# Hunting > Game Cooking and Recipes >  Want some recipes?

## Angus_A

Heya, 

As a few of you know i was up until a few months ago working as a chef. Over the past 2 years working in kitchens and using my flatmates as guinea pigs i amassed a huge binder full of recipes and techniques that some of you may enjoy. 
Seeing as i'm probably not going to have a new job for quite some time i figured maybe i could share them here? Would you guys like that? 


If you have any requests or 'oh god how the fudge to i cook this thing?' related questions please ask away  :Have A Nice Day:  
Also if the guys here need some lady wooing, pants droppingly impressive meals put together i got you covered  :Wink:  

I'm super unemployed so this would actually be a great time killer haha.  

Thoughts?

----------


## veitnamcam

Whack some up in the cooking section with lots of pics!

Always trying to think of something new to do with venison steak. As good as it is natural it gets a bit boring when its your staple.

Sent from my GT-S5360T using Tapatalk 2

----------


## Angus_A

Can certainly teach you some tricks for venison steak, what cuts do you have right now?

----------


## veitnamcam

All of em 

Sent from my GT-S5360T using Tapatalk 2

----------


## Angus_A

Got a tenderloin handy? Got an excellent recipe for that.

----------


## veitnamcam

Is that a inside fillet or back steak?

I might have a whole back steak but usually slice then freeze so defiantly have that.

Sent from my GT-S5360T using Tapatalk 2

----------


## Angus_A

They  are two long, tubular muscles that run down the back of the beast. Sometimes called the 'backstrap' 
Looks like this.

----------


## Rushy

> Can certainly teach you some tricks for venison steak, what cuts do you have right now?


Like VC, I have every cut as I separate oute all of the muscle groups.  Interested in learning from you Angus.  If you come up with a ripper then I might share my "Rushy marinade" that has been refined over decades and causes restaurant owners to never want to eat venison cooked by their chef's again.

----------


## veitnamcam

Back steak then. Yep will have sliced and maybe have a whole one somewhere in the depths of the chest freezer

Sent from my GT-S5360T using Tapatalk 2

----------


## Angus_A

Alrighty, as soon as i have some venison handy i will put together a recipe for you guys.

----------


## Dougie

Far out, listen to this hard-done-by Nelson man. _"It gets boring when Venison is your staple"_ Jaaaaaaaaaaaaaaaaaaaack. You know my address man, post it to me if it's so boring!  :Psmiley:

----------


## Angus_A

> Far out, listen to this hard-done-by Nelson man. _"It gets boring when Venison is your staple"_ Jaaaaaaaaaaaaaaaaaaaack. You know my address man, post it to me if it's so boring!

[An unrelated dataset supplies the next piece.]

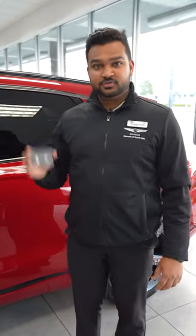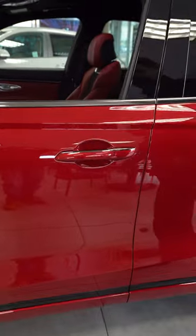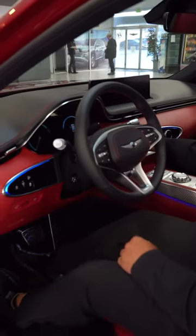If your 2023 Genesis comes with a key card, this is how it works. You just put the key card in the wireless charger and start the car.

I want venison too D: i miss protein! Was seriously considering taking the airgun to a rather annoying seagull this morning out of sheer desperation haha. 
Damn you work & income -__-

----------


## Dougie

What's your flat like, Angus? Do you have a good kitchen? Seriously we need to get some eating/reloading going on next week. Keen burgers?

----------


## Angus_A

My flat is lovely, small kitchen but it's just the way i like it. Everything is really easy to get to in a rush. Have a nice gas stove which was my entire reason for taking this place.
Keen as a bean  :Wink:

----------


## Gibo

> Like VC, I have every cut as I separate oute all of the muscle groups.  Interested in learning from you Angus.  If you come up with a ripper then I might share my "Rushy marinade" that has been refined over decades and causes restaurant owners to never want to eat venison cooked by their chef's again.


I think you should share this anyways mate.....sounds tasty! I then may share mine...... :Psmiley:  has a very unlikely ingredient but is off the chain!!!

----------


## veitnamcam

I filled my painters boot with meat last week instead of money so a bit low now. Probably less than a hundred kilos left  :Grin: 

Sent from my GT-S5360T using Tapatalk 2

----------


## Gibo

> I filled my painters boot with meat last week instead of money so a bit low now. Probably less than a hundred kilos left 
> 
> Sent from my GT-S5360T using Tapatalk 2


100KG's shit you're gonna starve!!!!

----------


## Angus_A

:Sad:  you guys are mean.

----------


## Rushy

> I think you should share this anyways mate.....sounds tasty! I then may share mine...... has a very unlikely ingredient but is off the chain!!!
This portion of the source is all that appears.